We should continue to tap into our complementary strengths, contribute to each other’s success and pursue common development. We should strengthen coordination of macroeconomic policies and take economic globalization deeper through our openness and cooperation. We should continue to make the pie of our common interests bigger, increase cooperation in traditional areas such as economy, trade and investment, and at the same time actively explore emerging areas such as finance, energy, and innovation in science and technology. Green economy and digital economy represent the future; they are also high on our respective development agendas.
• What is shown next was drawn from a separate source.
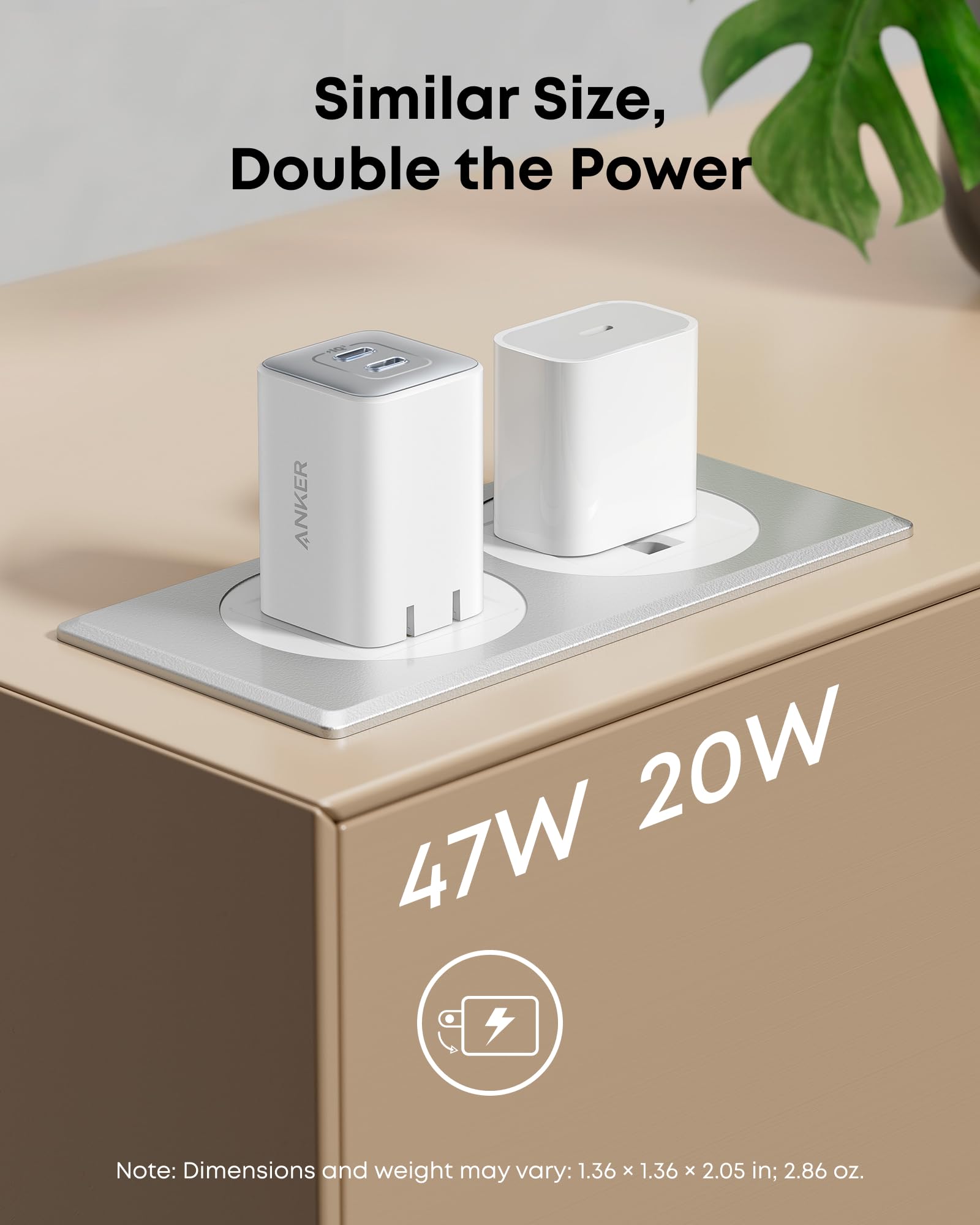 Anker Nano 523 comparación de tamaño con cargador 20W, ideal para viajar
We should further leverage the two high-level dialogue mechanisms on environment and climate and on digital cooperation to exploit the potential in new energy, information and communications, artificial intelligence and electric vehicles, and create new “growth poles” for our cooperation. As leading contributors in international development assistance, China and the EU may carry out third party cooperation more actively to jointly help developing countries accelerate development and achieve the UN 2030 Sustainable Development Goals at an early date.
We should stick together to cope with the ever more serious global challenges, unequivocally resist the outdated mindset of bloc confrontation and oppose a new cold war. We should adhere to the right course of economic globalization, and oppose politicizing and weaponizing economic, trade and scientific and technological exchanges. We need to draw on our economic complementarity and interdependency to safeguard the security and stability of our supply chains. It is important to build stability and mutual trust in supply chains. We should take the world economy in a direction that is more open, inclusive, balanced and beneficial for all, and inject the much-needed confidence and impetus into the world economy. We need to promote the common values of humanity — peace, development, equity, justice, democracy and freedom, take the lead in transcending estrangement and the sense of superiority through exchanges and mutual learning between civilizations, and set a fine example of different countries pursuing prosperity together and coexisting in harmony.  
The history of our relations offers a lot of wisdom. We should adhere to the principles of mutual respect, seeking common ground while shelving differences, dialogue and cooperation, and mutual benefit, and offset uncertainties in the international situation with the stability of China-Europe relations. We should pursue the greatest convergence of interests in a constructive manner, promote practical cooperation with an open mind, and respect each other’s major, core interests. We should stay committed to dialogue and coordination, avoid distractions such as pan-politicization and pan-ideologization, and refrain from “megaphone diplomacy” so as to create conditions for the long-term and stable development of China-Europe relations.

Deng Li is Vice Minister of Foreign Affairs.